After that, the album goes way downhill. If someone had told me a few weeks ago that a Slits album would feature Auto-Tune, I would have laughed in her face. But here we have it on the second song, "Lazy Slam," The Slits coming off like a particularly weird Sean Paul song. Another track, "Babylon," sounds exactly like what an overproduced, half-assed King Tubby song would sound like with a female vocalist. The album plays like a band sitting down with a fancy producer and working its way through some catalog of popular Jamaican songs, imitating and copy-pasting pieces of them into some insane liberal-arts college history project.
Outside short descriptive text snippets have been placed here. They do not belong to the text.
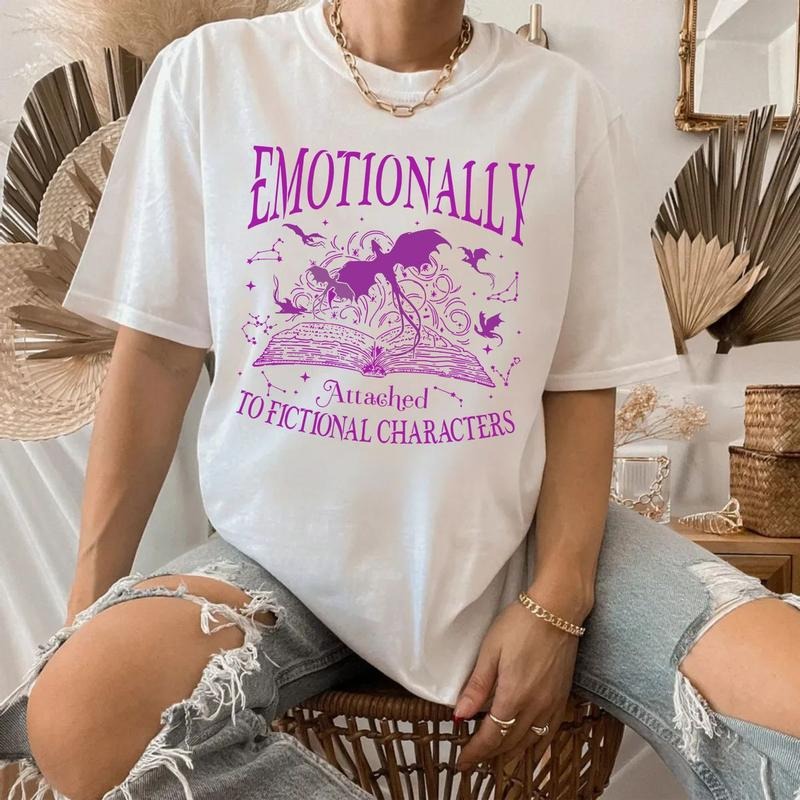 Dragon Lovers, Fourth Wing Bookish Shirt,Emotionally Attached To Fictional Characters Shirt, Dragon Rider, Unisex Sweater Pullover Tee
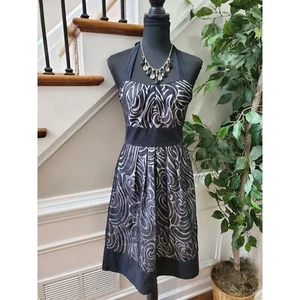 White House Black Market Women's Rayon Halter Neck Casual Knee Length Dress 4 - Picture 1 of 10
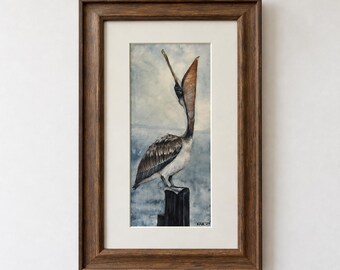 Original Pelican Watercolor Painting, Louisiana Brown Pelican Art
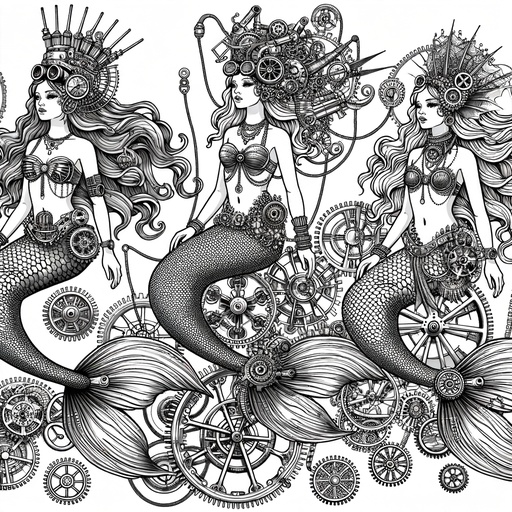 Children&#8217;s Steampunk Mermaids Coloring Page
The album's lyrics range from refreshingly angry to completely baffling. A few songs feature some great, sing-a-long, fuck-the-man words. The chorus of "Pay Rent" stands out as such: "We wanna pay rent with our passion/ And we don't wanna follow fashion/ We'll make our own style of dress/ And make up our own style of dress." However, these moments are far outweighed by huge what-the-fuck lyrical moments. Indeed, "I am a Reggae Gypsy/ Make you feel so tipsy" is quite possibly the most embarrassing couplet I've heard all year.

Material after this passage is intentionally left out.